■ What needs to be done
Reproduce the listing below exactly. Pictures do not belong in the copy.

■ Stored data

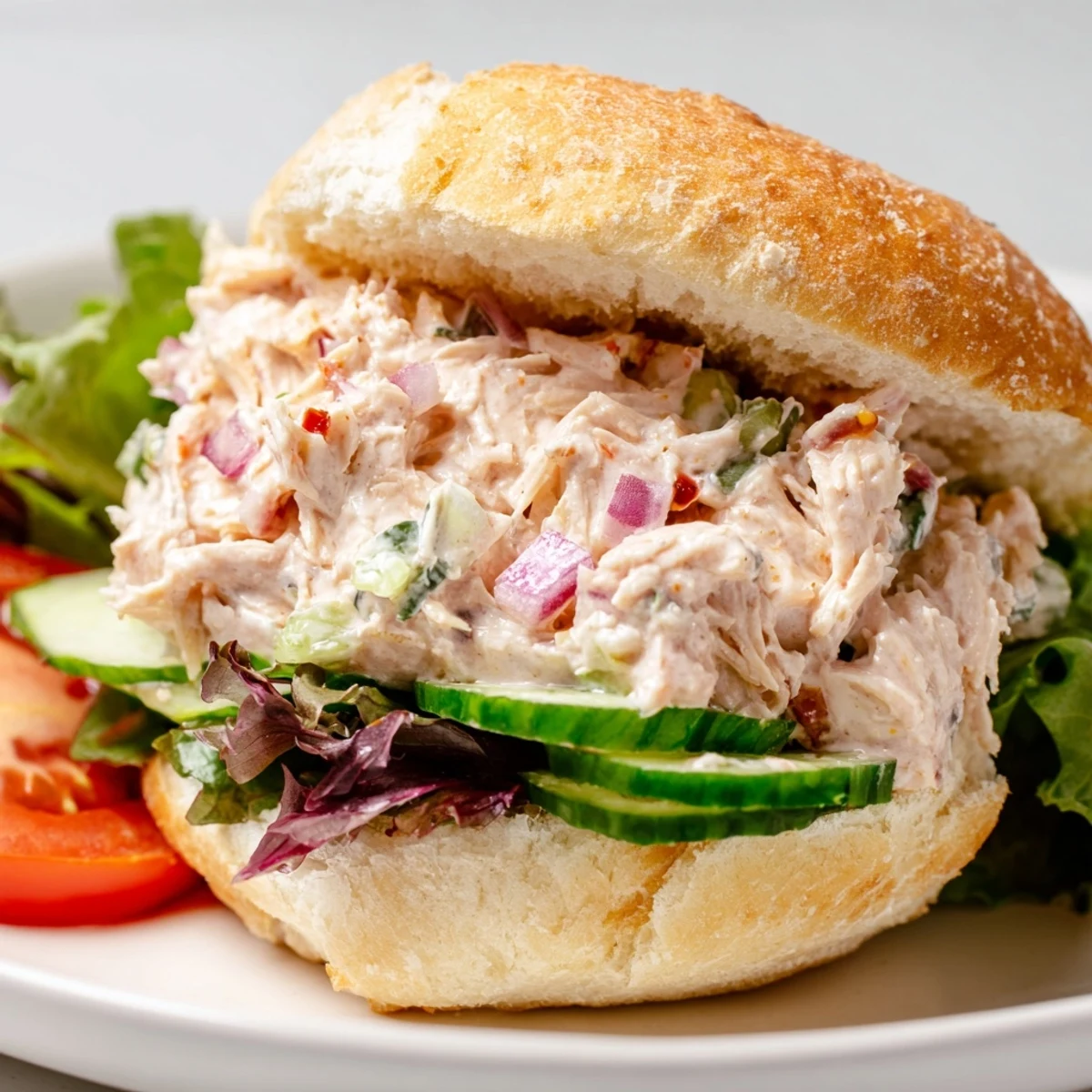 Open-faced chicken salad sandwich with chili crisp drizzle showcasing fresh cucumber slices and mixed greens on bread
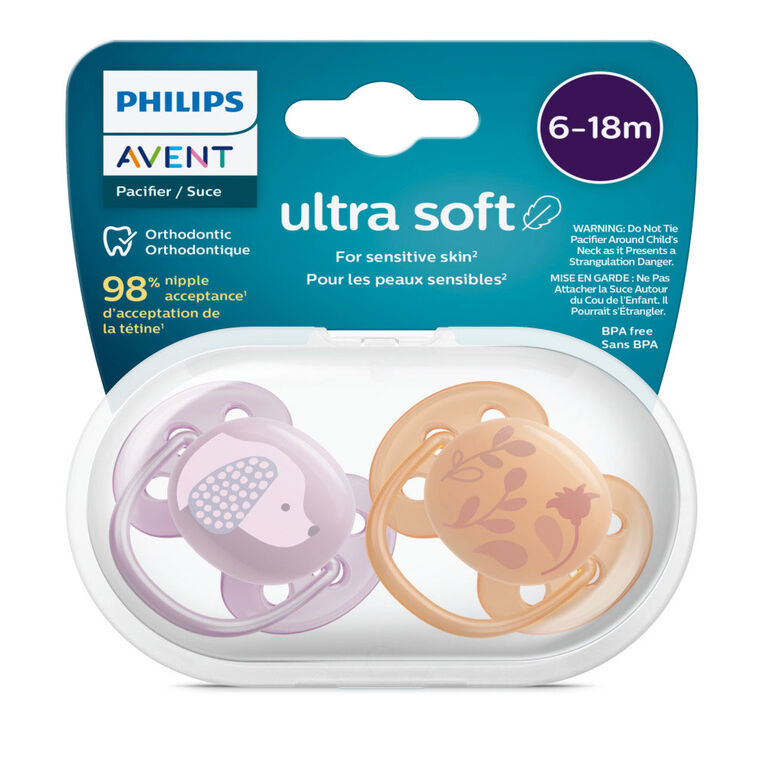 Avent Ultra Soft Pacifier  6-18m puppy/leaves 2pk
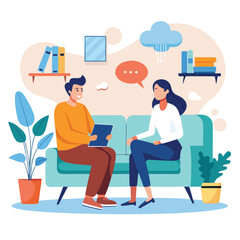 Professional therapist consulting with a patient discussing mental health and wellbeing on a sofa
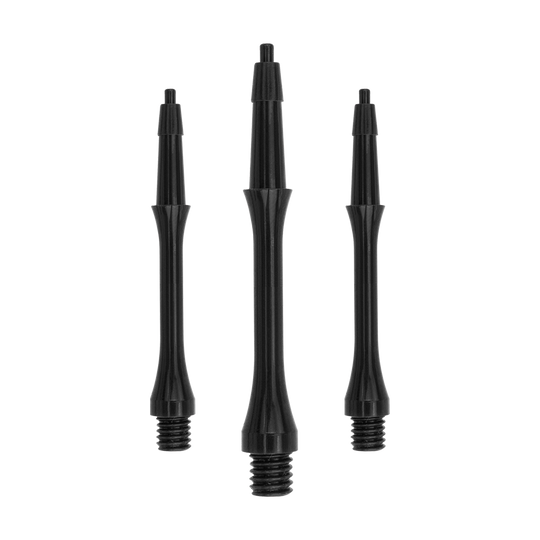 HRC-12602_Harrows_Clic_Slim_Shafts_Black_23mm_1HX3hrRgn7eKSK Das Bild zeigt drei schwarze Harrows Clic Slim Shafts für Dartpfeile. Die Shafts sind schlank und aus robustem Material gefertigt.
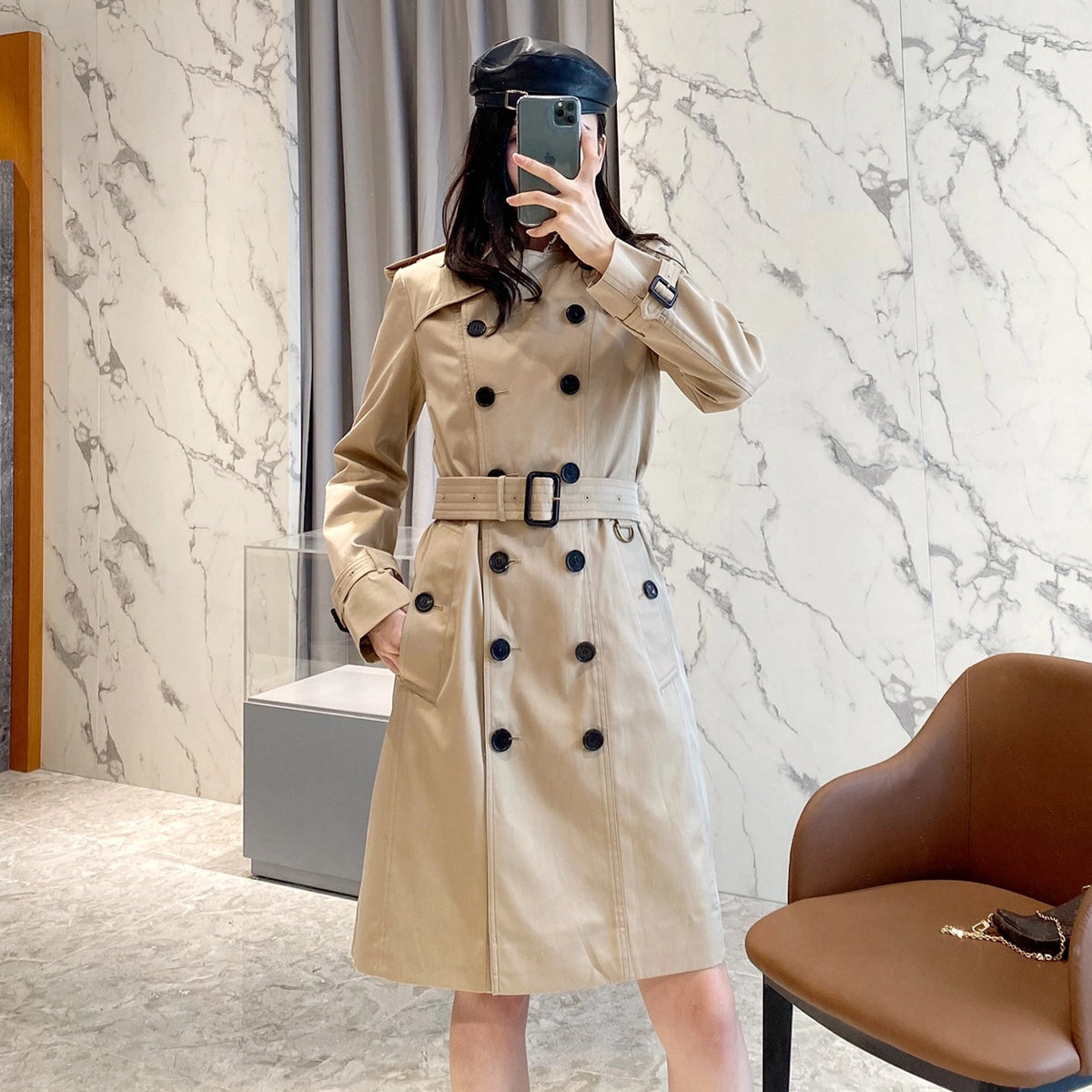 Women's Classic Long Trench Coat - Khaki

■ Output for this task
 Open-faced chicken salad sandwich with chili crisp drizzle showcasing fresh cucumber slices and mixed greens on bread
 Avent Ultra Soft Pacifier  6-18m puppy/leaves 2pk
 Professional therapist consulting with a patient discussing mental health and wellbeing on a sofa
 HRC-12602_Harrows_Clic_Slim_Shafts_Black_23mm_1HX3hrRgn7eKSK Das Bild zeigt drei schwarze Harrows Clic Slim Shafts für Dartpfeile. Die Shafts sind schlank und aus robustem Material gefertigt.
 Women's Classic Long Trench Coat - Khaki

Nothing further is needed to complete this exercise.